Dual-sites for low-concentration NO to NH3 electrosynthesis in neutral media: promoting NO adsorption and water dissociation

The electrosynthesis of NH3 from low-concentration NO (NORR) in neutral media is a promising strategy for sustainable nitrogen fixation. However, the inherently weak adsorption of NO on traditional catalysts, coupled with the challenging water dissociation and NO hydrogenation kinetics, limits the efficiency of this reaction. Herein, we introduce a novel strategy by loading Pt nanoparticles (PtNPs) as electron donor onto an Fe single-atom catalyst (FeSAC) to form a strong electronic interaction between PtNPs and FeSAC. This electronically engineered architecture creates dual active site that significantly improves neutral low concentration NORR performance. In situ X-ray absorption spectroscopy (XAS), in situ attenuated total reflection-infrared spectroscopy (ATR-IR), and theoretical calculations reveal that PtNPs, acting as an electron reservoir, donate electrons to the FeSAC sites.

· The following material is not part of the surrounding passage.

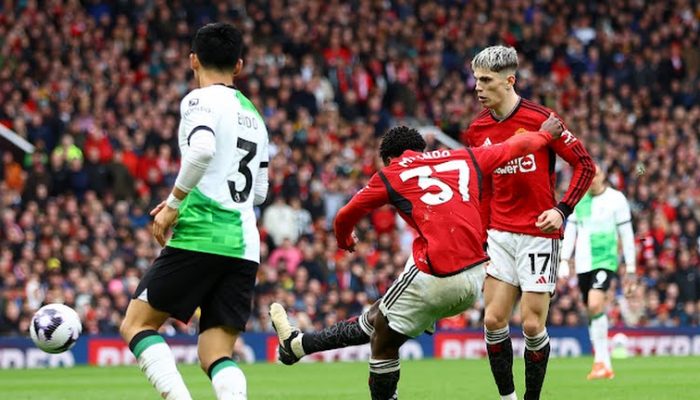 Duel Manchester United vs Liverpool Berakhir Imbang dengan Skor 2-2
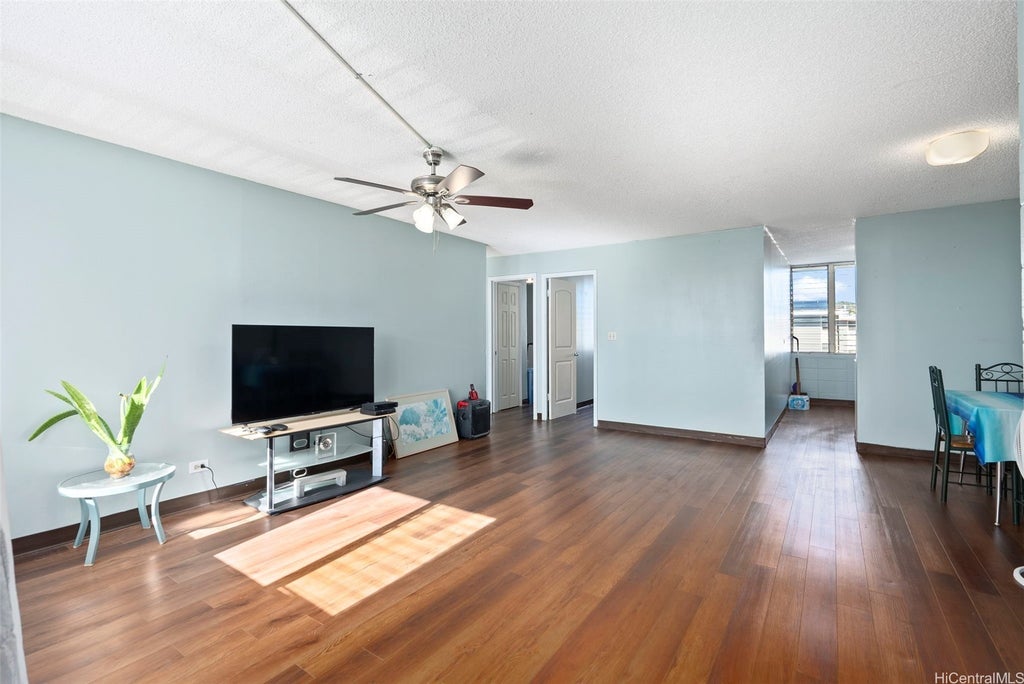 (unit #e306) 94-246 Leoku Street, Waipahu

This electron donation increases electron density at the Fe sites, promoting NO adsorption. Additionally, the PtNPs facilitate water dissociation, providing protons that greatly decrease the activation barrier for NO hydrogenation. Thus, the PtNPs/FeSAC dual-sites activated a synergistic cascade mechanism in neutral media during NORR process, with a Faradaic efficiency (FE) of 90.3% and an NH3 yield rate of 709.7 µg h-1 mgcat.-1 under 1.0 vol% NO, outperforming pure FeSAC (NH3 yield rate: 444.2 µg h-1 mgcat.-1, FE: 56.6%) and previously reported systems operating at high NO concentrations. Remarkably, this neutral NORR process achieved a record NH3 yield of 3023.8 μg h-1 mgcat.-1 in a membrane electrode assembly (MEA) electrolyzer under a 1.0 vol% NO atmosphere. This work develops a new class of electron-donating nanoparticles-mediated dual-sites that simultaneously enhance NO adsorption and facilitate water dissociation, significantly improving neutral low concentration NORR performance and paving the way for large-scale sustainable NH3 electrosynthesis.